* memcpy alignment
@ 2015-12-15 4:11 Jon Masters
2015-12-15 9:34 ` Catalin Marinas
0 siblings, 1 reply; 9+ messages in thread
From: Jon Masters @ 2015-12-15 4:11 UTC (permalink / raw)
To: linux-arm-kernel
Hi Folks,
What's supposed to happen if the natural alignment of the pointers dst
and src is not the same? We don't seem to handle that case today, and
instead will base our access data type on the source alignment only.
Jon.
^ permalink raw reply [flat|nested] 9+ messages in thread
* memcpy alignment
2015-12-15 4:11 memcpy alignment Jon Masters
@ 2015-12-15 9:34 ` Catalin Marinas
2015-12-15 15:24 ` Jon Masters
0 siblings, 1 reply; 9+ messages in thread
From: Catalin Marinas @ 2015-12-15 9:34 UTC (permalink / raw)
To: linux-arm-kernel
On Mon, Dec 14, 2015 at 11:11:02PM -0500, Jon Masters wrote:
> What's supposed to happen if the natural alignment of the pointers dst
> and src is not the same? We don't seem to handle that case today, and
> instead will base our access data type on the source alignment only.
The hardware takes care of the other one.

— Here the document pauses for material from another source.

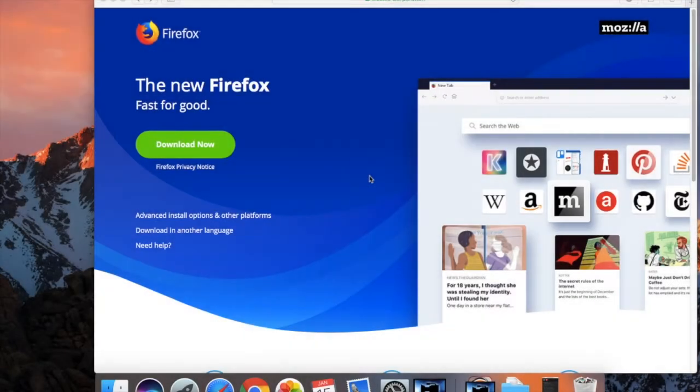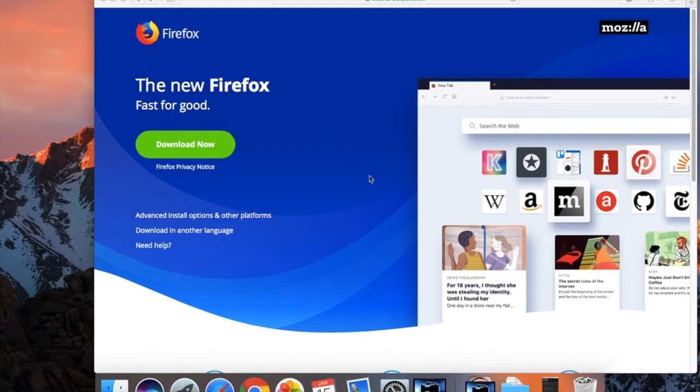What is up guys, I'm Roman Zed here and in today's tutorial video I will be showing you how to download and install the latest version of Mozilla Firefox onto your Mac computer. Let's get straight into it.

The memcpy behaviour in the
kernel is the same as the glibc one (the Cortex Strings library).
--
Catalin
^ permalink raw reply [flat|nested] 9+ messages in thread
* memcpy alignment
2015-12-15 9:34 ` Catalin Marinas
@ 2015-12-15 15:24 ` Jon Masters
2015-12-15 15:32 ` Russell King - ARM Linux
0 siblings, 1 reply; 9+ messages in thread
From: Jon Masters @ 2015-12-15 15:24 UTC (permalink / raw)
To: linux-arm-kernel
On 12/15/2015 04:34 AM, Catalin Marinas wrote:
> On Mon, Dec 14, 2015 at 11:11:02PM -0500, Jon Masters wrote:
>> What's supposed to happen if the natural alignment of the pointers dst
>> and src is not the same? We don't seem to handle that case today, and
>> instead will base our access data type on the source alignment only.
>
> The hardware takes care of the other one. The memcpy behaviour in the
> kernel is the same as the glibc one (the Cortex Strings library).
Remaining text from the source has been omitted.